Simplification of Risk Averse POMDPs with Performance Guarantees
Yaacov Pariente, Vadim Indelman
TL;DR
This work addresses risk-averse planning in partially observable domains by optimizing the CVaR of the return in POMDPs. It introduces a general simplification framework that substitutes a costly belief-MDP transition with a cheaper one and derives probabilistic performance guarantees for the resulting CVaR evaluation. Central contributions include theoretical bounds for CVaR via CDF/PDF differences, explicit bounds for the V and Q functions under model simplification, and practical estimators with finite-sample guarantees based on a Particle Belief MDP and importance sampling. The framework supports simultaneous simplification of observation and state models and aims to enable faster online planning for reliable autonomous agents while preserving safety guarantees, albeit with computational challenges in estimating some auxiliary quantities.
Abstract
Risk averse decision making under uncertainty in partially observable domains is a fundamental problem in AI and essential for reliable autonomous agents. In our case, the problem is modeled using partially observable Markov decision processes (POMDPs), when the value function is the conditional value at risk (CVaR) of the return. Calculating an optimal solution for POMDPs is computationally intractable in general. In this work we develop a simplification framework to speedup the evaluation of the value function, while providing performance guarantees. We consider as simplification a computationally cheaper belief-MDP transition model, that can correspond, e.g., to cheaper observation or transition models. Our contributions include general bounds for CVaR that allow bounding the CVaR of a random variable X, using a random variable Y, by assuming bounds between their cumulative distributions.
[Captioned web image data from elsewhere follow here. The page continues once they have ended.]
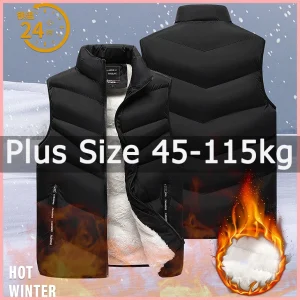 40-115KG Cappotto da donna di grandi dimensioni 6XL 7XL 8XL Capispalla invernale caldo Piumino spesso Plus Size Casaco Feminino Abbigliamento donna 1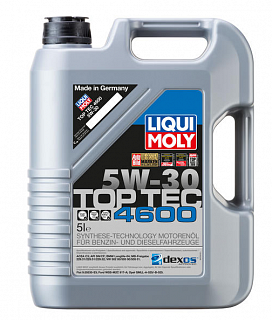 Liqui Moly LIQUI MOLY Top Tec 4600 5W-30 - 5 L, LQ 2316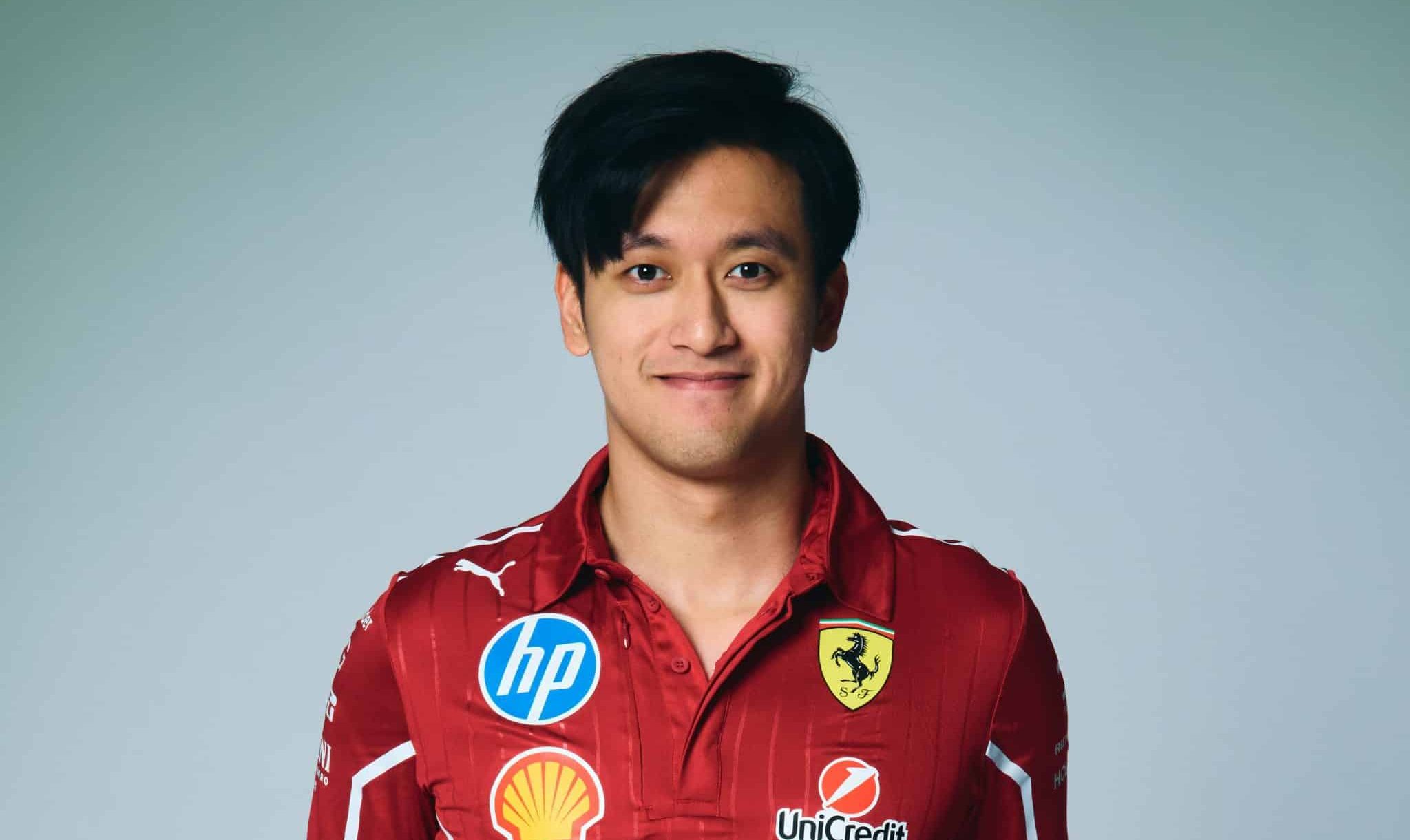 Guanyu Zhou rejoint la Scuderia Ferrari comme réserviste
We then derive bounds for the CVaR value function in a POMDP setting, and show how to bound the value function using the computationally cheaper belief-MDP transition model and without accessing the computationally expensive model in real-time. Then, we provide theoretical performance guarantees for the estimated bounds. Our results apply for a general simplification of a belief-MDP transition model and support simplification of both the observation and state transition models simultaneously.